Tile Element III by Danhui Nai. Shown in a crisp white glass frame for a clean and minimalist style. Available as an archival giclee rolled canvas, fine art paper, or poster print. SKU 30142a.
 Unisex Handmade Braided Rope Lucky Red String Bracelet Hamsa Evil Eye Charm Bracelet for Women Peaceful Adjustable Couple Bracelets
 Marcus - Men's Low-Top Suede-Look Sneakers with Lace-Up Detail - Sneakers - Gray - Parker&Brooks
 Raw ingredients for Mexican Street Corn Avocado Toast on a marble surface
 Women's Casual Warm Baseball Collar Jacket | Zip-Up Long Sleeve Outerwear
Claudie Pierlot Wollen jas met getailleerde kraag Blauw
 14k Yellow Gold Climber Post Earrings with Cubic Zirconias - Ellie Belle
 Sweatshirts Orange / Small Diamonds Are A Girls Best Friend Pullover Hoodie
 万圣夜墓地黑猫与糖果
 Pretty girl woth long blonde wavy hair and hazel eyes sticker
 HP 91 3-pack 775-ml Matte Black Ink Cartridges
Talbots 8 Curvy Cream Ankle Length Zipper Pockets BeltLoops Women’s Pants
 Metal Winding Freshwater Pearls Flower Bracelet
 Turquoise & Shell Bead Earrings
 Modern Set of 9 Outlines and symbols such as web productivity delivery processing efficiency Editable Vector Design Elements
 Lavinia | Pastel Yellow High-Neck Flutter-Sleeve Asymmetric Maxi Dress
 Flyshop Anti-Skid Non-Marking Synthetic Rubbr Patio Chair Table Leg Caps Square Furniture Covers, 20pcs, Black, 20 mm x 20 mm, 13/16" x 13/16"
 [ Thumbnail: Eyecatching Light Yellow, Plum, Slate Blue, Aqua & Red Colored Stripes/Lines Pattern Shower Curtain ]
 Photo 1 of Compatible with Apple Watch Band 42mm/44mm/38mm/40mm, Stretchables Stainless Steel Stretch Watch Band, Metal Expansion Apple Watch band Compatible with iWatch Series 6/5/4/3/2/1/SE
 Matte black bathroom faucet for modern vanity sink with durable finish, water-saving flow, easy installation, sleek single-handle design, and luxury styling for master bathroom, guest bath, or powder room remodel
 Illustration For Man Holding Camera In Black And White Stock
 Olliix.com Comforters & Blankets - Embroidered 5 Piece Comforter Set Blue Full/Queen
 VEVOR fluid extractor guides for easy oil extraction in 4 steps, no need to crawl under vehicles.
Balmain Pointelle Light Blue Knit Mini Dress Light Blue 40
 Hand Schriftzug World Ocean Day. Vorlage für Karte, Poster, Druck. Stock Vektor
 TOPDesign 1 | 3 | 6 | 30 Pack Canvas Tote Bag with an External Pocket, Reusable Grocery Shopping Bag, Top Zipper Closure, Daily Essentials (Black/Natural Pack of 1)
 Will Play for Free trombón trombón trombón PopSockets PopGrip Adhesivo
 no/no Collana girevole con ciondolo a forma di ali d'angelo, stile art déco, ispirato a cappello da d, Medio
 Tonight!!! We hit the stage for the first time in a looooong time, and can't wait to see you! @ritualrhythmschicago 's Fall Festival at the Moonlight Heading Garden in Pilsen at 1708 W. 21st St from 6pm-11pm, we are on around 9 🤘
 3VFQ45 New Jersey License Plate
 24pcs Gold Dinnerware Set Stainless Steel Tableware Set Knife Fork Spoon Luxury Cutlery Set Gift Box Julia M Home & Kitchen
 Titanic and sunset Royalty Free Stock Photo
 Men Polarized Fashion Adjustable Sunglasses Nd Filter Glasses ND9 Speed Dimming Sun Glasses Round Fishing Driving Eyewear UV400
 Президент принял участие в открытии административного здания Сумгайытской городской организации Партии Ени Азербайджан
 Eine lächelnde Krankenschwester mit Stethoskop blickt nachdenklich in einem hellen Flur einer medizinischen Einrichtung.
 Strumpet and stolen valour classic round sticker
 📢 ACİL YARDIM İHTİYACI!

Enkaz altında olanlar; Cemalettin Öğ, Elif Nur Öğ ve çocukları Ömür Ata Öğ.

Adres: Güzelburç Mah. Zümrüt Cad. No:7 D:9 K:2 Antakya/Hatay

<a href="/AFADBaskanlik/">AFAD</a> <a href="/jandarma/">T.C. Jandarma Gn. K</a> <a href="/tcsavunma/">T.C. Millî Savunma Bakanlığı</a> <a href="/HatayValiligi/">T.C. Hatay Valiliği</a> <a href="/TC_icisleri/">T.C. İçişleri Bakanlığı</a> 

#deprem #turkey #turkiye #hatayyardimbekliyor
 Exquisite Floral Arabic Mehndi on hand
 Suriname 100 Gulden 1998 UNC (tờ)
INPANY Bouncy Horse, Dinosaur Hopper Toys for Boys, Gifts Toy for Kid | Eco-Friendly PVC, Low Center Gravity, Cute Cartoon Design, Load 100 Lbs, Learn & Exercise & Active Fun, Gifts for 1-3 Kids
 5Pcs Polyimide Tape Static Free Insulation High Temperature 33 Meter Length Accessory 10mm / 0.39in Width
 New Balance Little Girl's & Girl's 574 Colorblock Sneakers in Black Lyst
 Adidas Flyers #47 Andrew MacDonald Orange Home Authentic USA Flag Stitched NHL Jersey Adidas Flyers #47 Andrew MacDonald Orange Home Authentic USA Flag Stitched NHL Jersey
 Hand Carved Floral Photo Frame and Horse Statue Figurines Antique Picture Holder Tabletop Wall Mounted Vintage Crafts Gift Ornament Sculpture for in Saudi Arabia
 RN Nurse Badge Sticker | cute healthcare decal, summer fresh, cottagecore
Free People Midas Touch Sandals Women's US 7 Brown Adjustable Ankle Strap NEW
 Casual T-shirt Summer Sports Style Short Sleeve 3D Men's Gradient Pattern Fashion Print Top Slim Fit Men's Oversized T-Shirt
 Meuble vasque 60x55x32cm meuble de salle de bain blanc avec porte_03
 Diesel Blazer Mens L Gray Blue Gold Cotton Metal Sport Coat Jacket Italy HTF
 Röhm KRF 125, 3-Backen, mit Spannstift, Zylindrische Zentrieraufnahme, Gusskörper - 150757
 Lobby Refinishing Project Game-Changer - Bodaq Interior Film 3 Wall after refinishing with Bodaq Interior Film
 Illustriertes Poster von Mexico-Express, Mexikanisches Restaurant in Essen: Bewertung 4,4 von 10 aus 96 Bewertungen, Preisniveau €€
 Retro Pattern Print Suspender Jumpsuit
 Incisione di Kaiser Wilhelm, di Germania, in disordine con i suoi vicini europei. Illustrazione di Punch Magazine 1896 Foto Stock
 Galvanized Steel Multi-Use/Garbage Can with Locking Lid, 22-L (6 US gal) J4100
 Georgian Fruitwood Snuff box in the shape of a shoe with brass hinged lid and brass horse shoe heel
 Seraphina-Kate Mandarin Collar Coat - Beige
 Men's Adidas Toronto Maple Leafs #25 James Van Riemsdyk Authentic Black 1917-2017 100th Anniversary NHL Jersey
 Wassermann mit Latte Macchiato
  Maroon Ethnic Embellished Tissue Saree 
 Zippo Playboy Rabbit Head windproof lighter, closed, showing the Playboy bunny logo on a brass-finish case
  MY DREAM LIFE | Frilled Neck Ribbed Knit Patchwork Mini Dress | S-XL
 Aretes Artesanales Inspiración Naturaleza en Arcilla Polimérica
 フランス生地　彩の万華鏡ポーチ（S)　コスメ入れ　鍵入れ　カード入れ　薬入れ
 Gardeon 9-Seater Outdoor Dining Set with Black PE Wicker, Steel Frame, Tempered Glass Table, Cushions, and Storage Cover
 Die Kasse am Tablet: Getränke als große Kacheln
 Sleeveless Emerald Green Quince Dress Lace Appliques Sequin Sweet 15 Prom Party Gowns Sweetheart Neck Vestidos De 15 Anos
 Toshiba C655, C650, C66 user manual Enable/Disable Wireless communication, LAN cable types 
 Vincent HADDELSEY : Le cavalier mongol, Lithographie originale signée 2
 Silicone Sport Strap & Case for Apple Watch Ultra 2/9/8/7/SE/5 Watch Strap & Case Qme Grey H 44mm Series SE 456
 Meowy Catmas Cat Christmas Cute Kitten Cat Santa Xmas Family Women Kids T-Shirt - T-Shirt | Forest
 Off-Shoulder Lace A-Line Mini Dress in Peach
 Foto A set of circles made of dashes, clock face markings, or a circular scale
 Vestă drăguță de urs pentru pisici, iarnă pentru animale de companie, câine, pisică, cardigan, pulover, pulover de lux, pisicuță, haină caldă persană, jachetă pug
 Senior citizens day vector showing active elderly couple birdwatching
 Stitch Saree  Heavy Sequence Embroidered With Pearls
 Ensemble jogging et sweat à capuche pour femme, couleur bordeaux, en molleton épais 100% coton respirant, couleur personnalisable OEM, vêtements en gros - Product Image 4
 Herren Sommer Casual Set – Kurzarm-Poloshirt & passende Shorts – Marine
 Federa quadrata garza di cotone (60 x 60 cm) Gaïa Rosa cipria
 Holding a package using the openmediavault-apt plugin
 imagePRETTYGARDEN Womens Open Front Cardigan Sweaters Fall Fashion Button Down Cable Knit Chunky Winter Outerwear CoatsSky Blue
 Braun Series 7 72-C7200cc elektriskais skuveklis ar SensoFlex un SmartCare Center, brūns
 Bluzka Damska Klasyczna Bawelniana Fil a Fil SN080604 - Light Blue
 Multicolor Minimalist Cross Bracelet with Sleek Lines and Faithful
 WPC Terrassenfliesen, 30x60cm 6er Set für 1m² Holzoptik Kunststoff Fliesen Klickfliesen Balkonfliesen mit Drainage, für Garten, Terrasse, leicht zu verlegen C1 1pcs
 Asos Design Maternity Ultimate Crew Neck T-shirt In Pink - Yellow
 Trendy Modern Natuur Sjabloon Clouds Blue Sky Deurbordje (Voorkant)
□ □ □ □ □ □ □
* EXERCISE AIM: Looking at the records above, return exactly the lines from the line with "Exquisite Floral Arabic Mehndi on hand" to the line with "INPANY Bouncy Horse, Dinosaur", both ends included.

* SOLUTION FOR THIS PROBLEM:
 Exquisite Floral Arabic Mehndi on hand
 Suriname 100 Gulden 1998 UNC (tờ)
INPANY Bouncy Horse, Dinosaur Hopper Toys for Boys, Gifts Toy for Kid | Eco-Friendly PVC, Low Center Gravity, Cute Cartoon Design, Load 100 Lbs, Learn & Exercise & Active Fun, Gifts for 1-3 Kids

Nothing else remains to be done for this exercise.